**Exercise**
The data below should be restated word for word, pictures omitted.

═══ Study material ═══

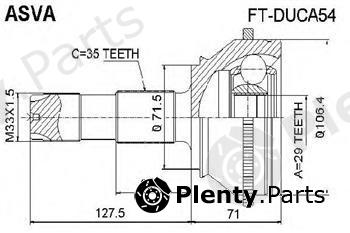  ASVA part FTDUCA54 Joint Kit, drive shaft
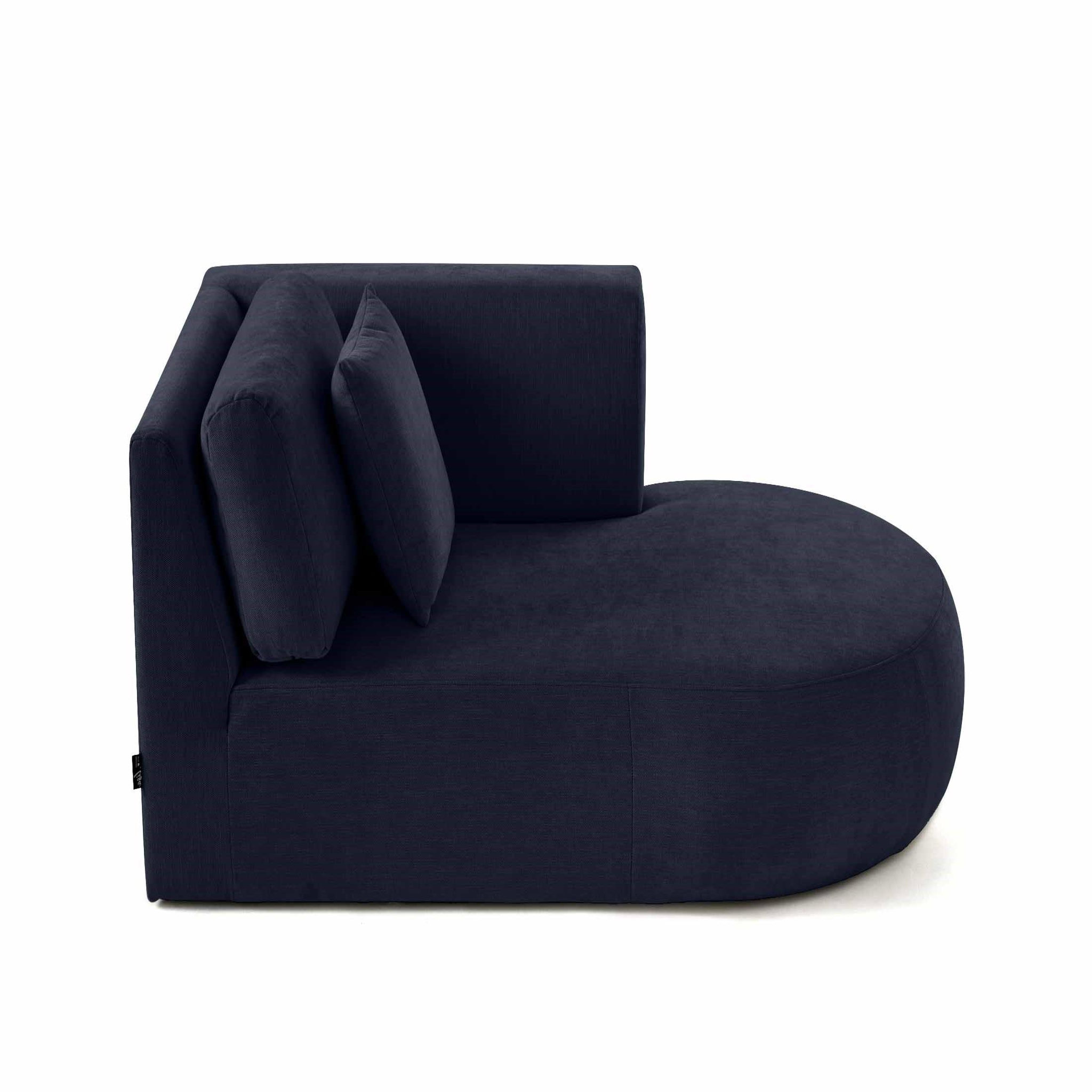Voir la diapositive 6 : LISA DESIGN Santorini - module d'assise méridienne droit - en tissu texturé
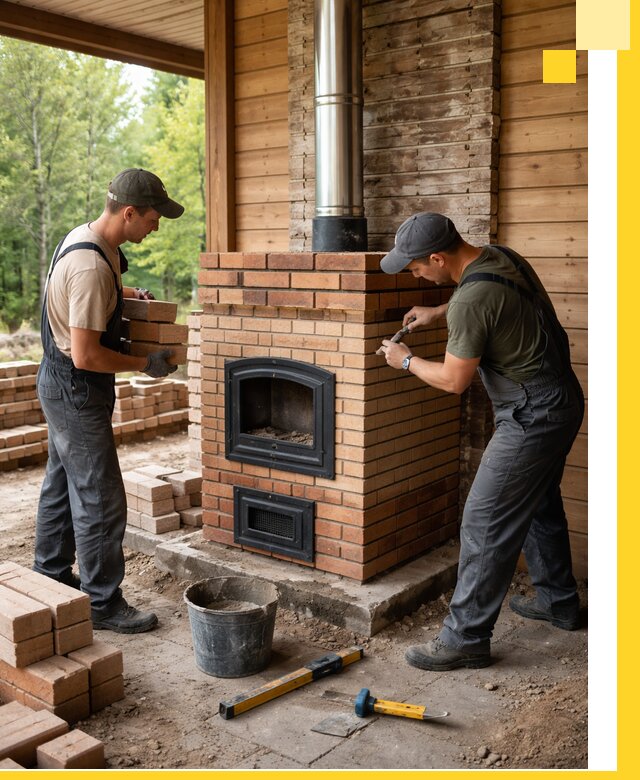 Производство и установка дачных печей под ключ в Тынде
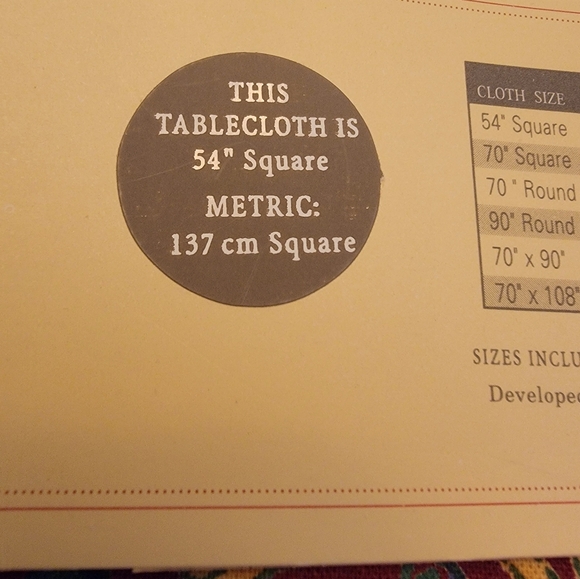NIP VTG Williams-Sonoma Provence Tablecloth 54" Square - Picture 6 of 7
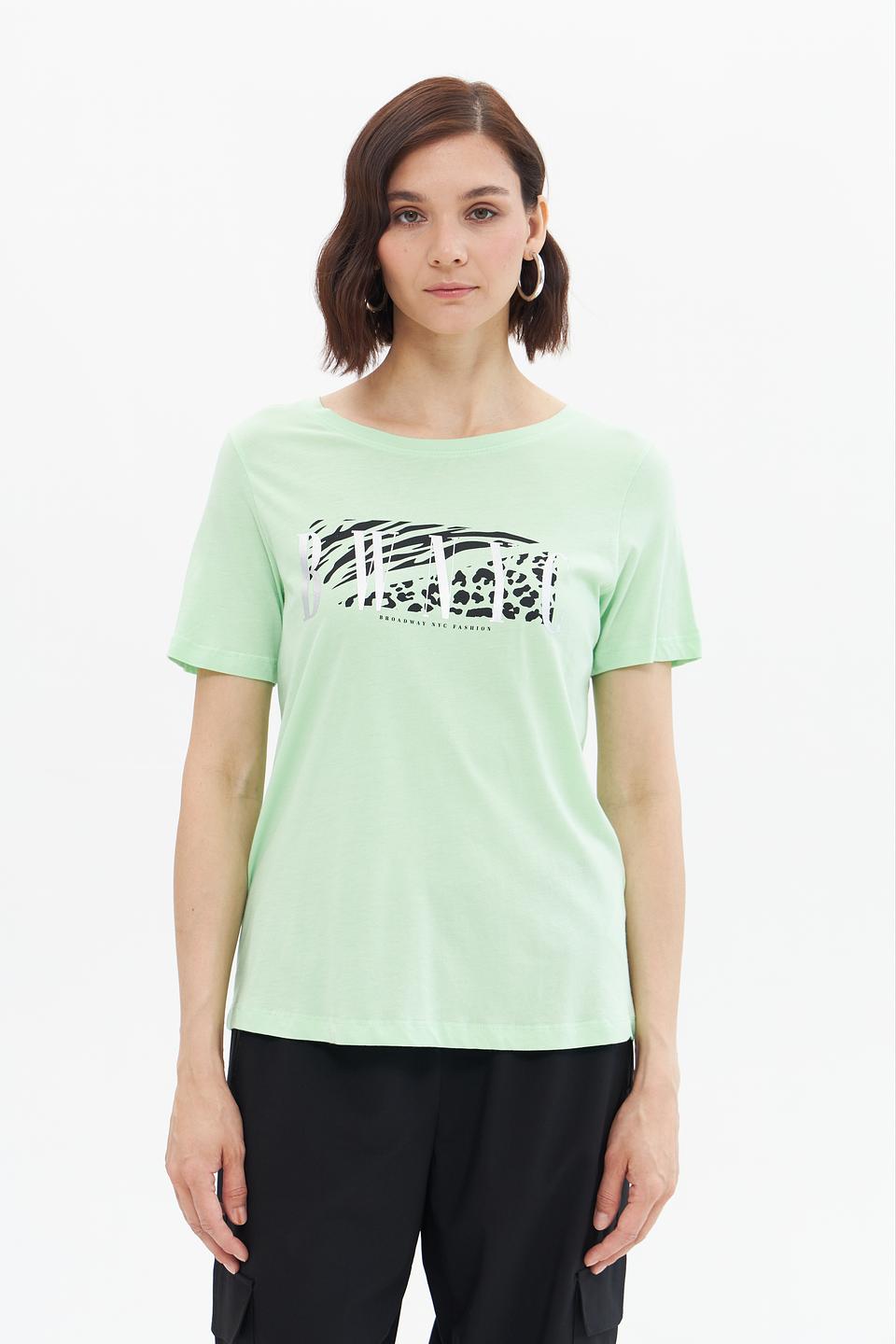 Футболка Broadway с принтом мятная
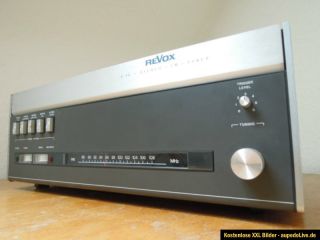 DUMMY 70er Jahre REVOX A 76 Stero Fm Tuner, Dummy, Attrappe,seltene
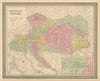 Austrian Empire. Austria Hungary. Lombardy Gallicia. COWPERTHWAIT 1852 old map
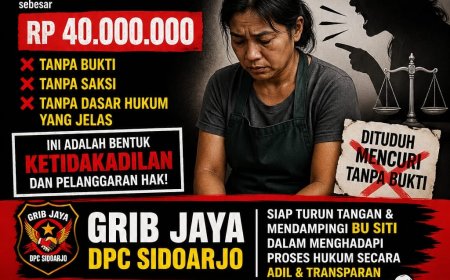 GRIB Jaya Sidoarjo Pasang Badan, Kecam Dugaan Kriminalisasi ART Atas Tuduhan Pencurian Tanpa Bukti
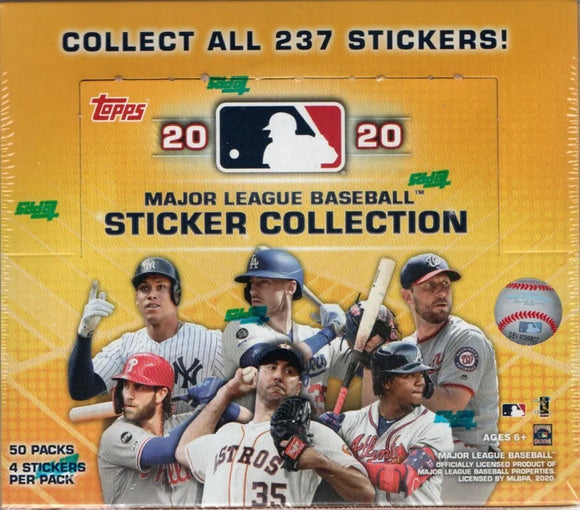 2020 Topps MLB Sticker Collection Baseball Box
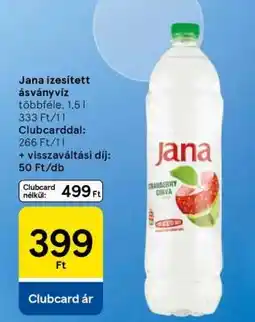 Tesco Jana ízesített ásványvíz ajánlat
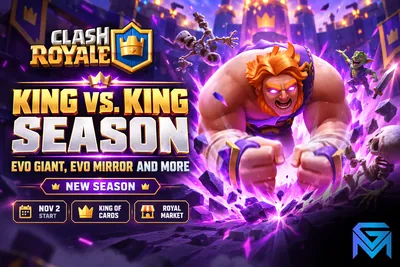 Clash Royale Clash Royale King vs. King Season: Evo Giant, Evo  news image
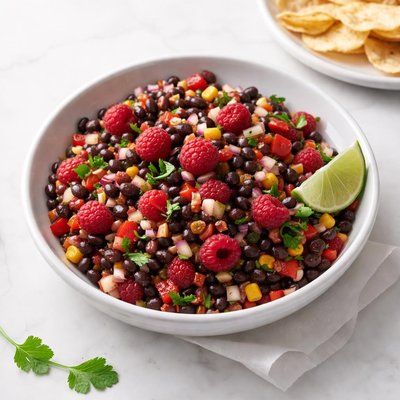 Image of Black Bean and Raspberry Salsa Dip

═══

**Response to this exercise**
  ASVA part FTDUCA54 Joint Kit, drive shaft
Voir la diapositive 6 : LISA DESIGN Santorini - module d'assise méridienne droit - en tissu texturé
 Производство и установка дачных печей под ключ в Тынде
NIP VTG Williams-Sonoma Provence Tablecloth 54" Square - Picture 6 of 7
 Футболка Broadway с принтом мятная
 DUMMY 70er Jahre REVOX A 76 Stero Fm Tuner, Dummy, Attrappe,seltene
 Austrian Empire. Austria Hungary. Lombardy Gallicia. COWPERTHWAIT 1852 old map
 GRIB Jaya Sidoarjo Pasang Badan, Kecam Dugaan Kriminalisasi ART Atas Tuduhan Pencurian Tanpa Bukti
 2020 Topps MLB Sticker Collection Baseball Box
 Tesco Jana ízesített ásványvíz ajánlat
 Clash Royale Clash Royale King vs. King Season: Evo Giant, Evo  news image
 Image of Black Bean and Raspberry Salsa Dip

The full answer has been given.